Willy carries his sample cases into the kitchen, sighing as he puts them down. He is exhausted. Not expecting him home, his wife Linda is worried and calls out to him. Willy attempts to reassure her, but as he enters the bedroom the flute fades and he says, "I'm tired to the death." He had driven only a short distance on his way to New England when he began to daydream and had trouble keeping the car on the road, so he had to turn back. Linda urges him to ask for a spot in the company's headquarters in New York. He says he will.
Their two grown sons are asleep in their old room upstairs. Biff, the older one, returned that morning from working on a farm in the West. He has been working at seasonal farm jobs-this one for $28 a week, which at age 34 feels humiliating-for many years. Father and son had had a fight when Willy asked Biff if he was making any money. Willy is still upset about the fight, though Linda, the peacemaker, takes Biff's side, saying he has to "find himself." "Not finding yourself at the age of thirty-four is a disgrace!" Willy explodes.
"Biff is a lazy bum!" Willy complains, but he betrays contradictory feelings a moment later when he says, "In the greatest country in the world a young man with such-personal attractiveness, gets lost. And such a hard worker.
There's one thing about Biff-he's not lazy." This contradiction seems funny to us (the author intended it to get a laugh) but in addition we have learned in the first few lines of the play that there is a conflict between Biff and Willy, and also within Willy himself. We have already seen that Willy is full of exhaustion and disappointment, and that's not what he had expected from life. As a young person you have a dream of how your life will be when you grow up. Willy's was to be a highly successful businessman. But his time is now running out, he has failed to reach his goal, and he wants his son to fulfill his dreams. He loves his son, and he tries to make him into something he's not.
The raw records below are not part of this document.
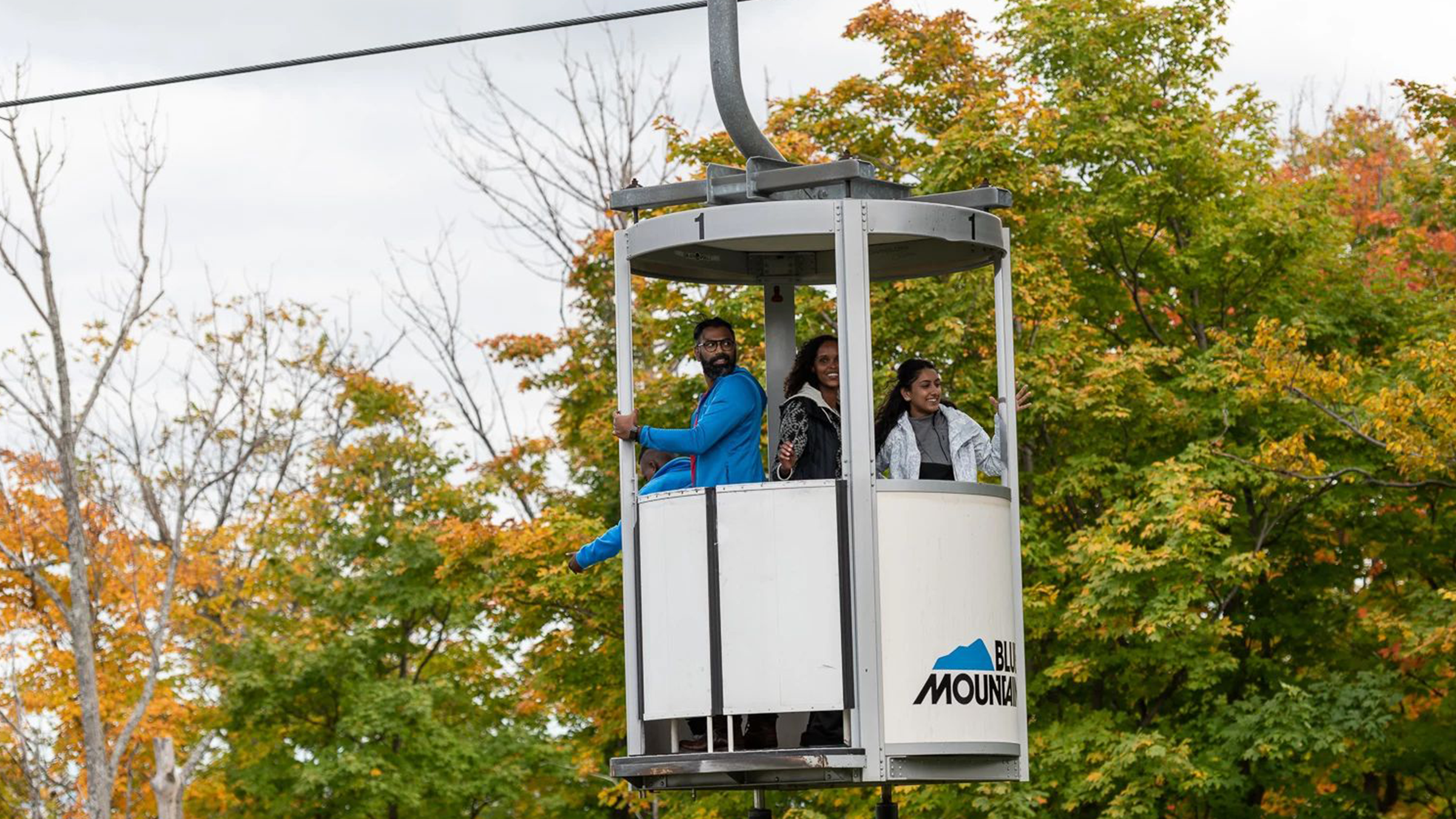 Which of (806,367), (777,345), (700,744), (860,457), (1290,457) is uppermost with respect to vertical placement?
(1290,457)

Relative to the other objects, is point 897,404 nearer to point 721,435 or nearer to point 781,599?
point 721,435

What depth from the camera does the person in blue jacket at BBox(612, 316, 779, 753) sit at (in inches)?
374

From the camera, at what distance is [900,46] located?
2381 centimetres

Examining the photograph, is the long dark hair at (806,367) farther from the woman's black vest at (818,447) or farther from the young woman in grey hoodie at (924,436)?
the young woman in grey hoodie at (924,436)

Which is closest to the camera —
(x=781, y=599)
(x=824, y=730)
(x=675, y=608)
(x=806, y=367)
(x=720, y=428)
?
(x=781, y=599)

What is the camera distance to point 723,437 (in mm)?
9680

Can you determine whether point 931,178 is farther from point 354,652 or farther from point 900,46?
point 354,652

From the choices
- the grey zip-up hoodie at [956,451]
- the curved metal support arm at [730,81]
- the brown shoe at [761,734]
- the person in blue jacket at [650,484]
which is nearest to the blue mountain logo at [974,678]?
the brown shoe at [761,734]

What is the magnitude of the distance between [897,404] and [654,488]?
1164 mm

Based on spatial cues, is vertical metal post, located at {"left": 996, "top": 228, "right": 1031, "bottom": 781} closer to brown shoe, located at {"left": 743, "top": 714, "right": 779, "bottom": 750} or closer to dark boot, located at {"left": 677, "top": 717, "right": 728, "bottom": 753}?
brown shoe, located at {"left": 743, "top": 714, "right": 779, "bottom": 750}

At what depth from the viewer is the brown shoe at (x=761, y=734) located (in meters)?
9.43

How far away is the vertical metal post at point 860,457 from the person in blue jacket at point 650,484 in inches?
32.3

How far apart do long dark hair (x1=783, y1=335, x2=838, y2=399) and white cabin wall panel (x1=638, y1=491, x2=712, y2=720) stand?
832 mm

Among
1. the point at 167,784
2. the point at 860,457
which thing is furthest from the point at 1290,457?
the point at 167,784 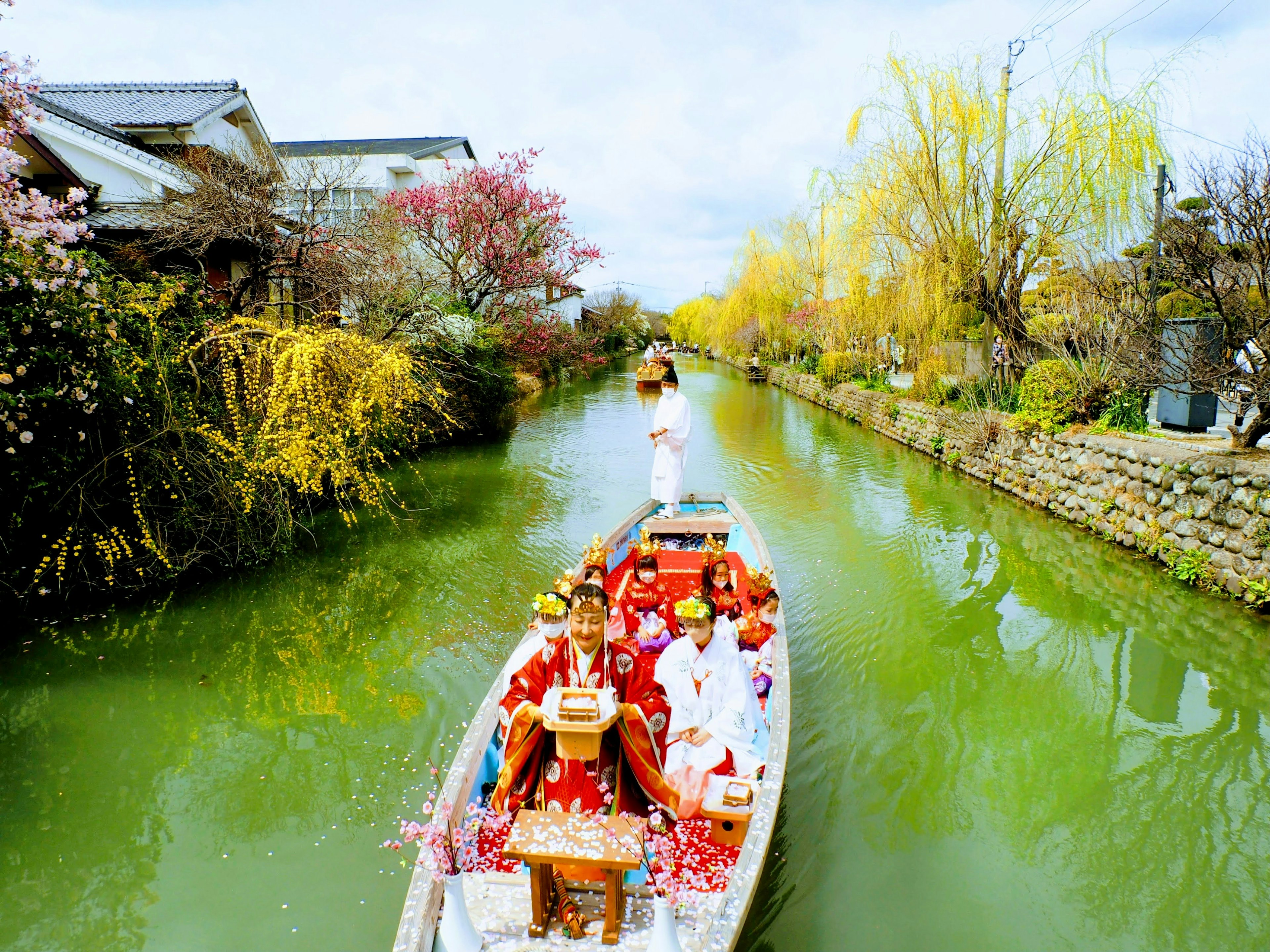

Willy recalls the time when there were elm trees and a garden in the back yard. Now he feels boxed in by new adjacent apartment houses, and longs for space and natural surroundings.
Linda promises a drive in the country on Sunday with the windshield open. Willy corrects her, saying that the windshield doesn't open on the new car. When she protests that he just said he was driving with it open, he realizes that all day he has been imagining a car he had nearly twenty years before. It becomes clear to us-and to Willy-that he is increasingly lost in the past. It must be terrible for him not to be able to tell past from present. Shaken, Willy goes down to the kitchen to get something to eat.
Upstairs Biff and Happy have been awakened by their parents' voices. Happy is staying over at home after taking Biff on a date. Both are immediately worried, because lately they have been noticing Willy's strange behavior. Imagine how it would feel to have your father start talking to himself. You would be nervous and embarrassed. Biff tries to find excuses for their father's bad driving, but Happy, who has driven with him, says Willy just doesn't pay attention.
Happy: ...He stops at a green light and then it turns red and he goes. He laughs.
Biff: Maybe he's color-blind.
Happy: Pop? Why he's got the finest eye for color in the business. You know that.
Willy has trained his sons well-in the end everything relates to business. Even personal characteristics are valued in terms of their usefulness.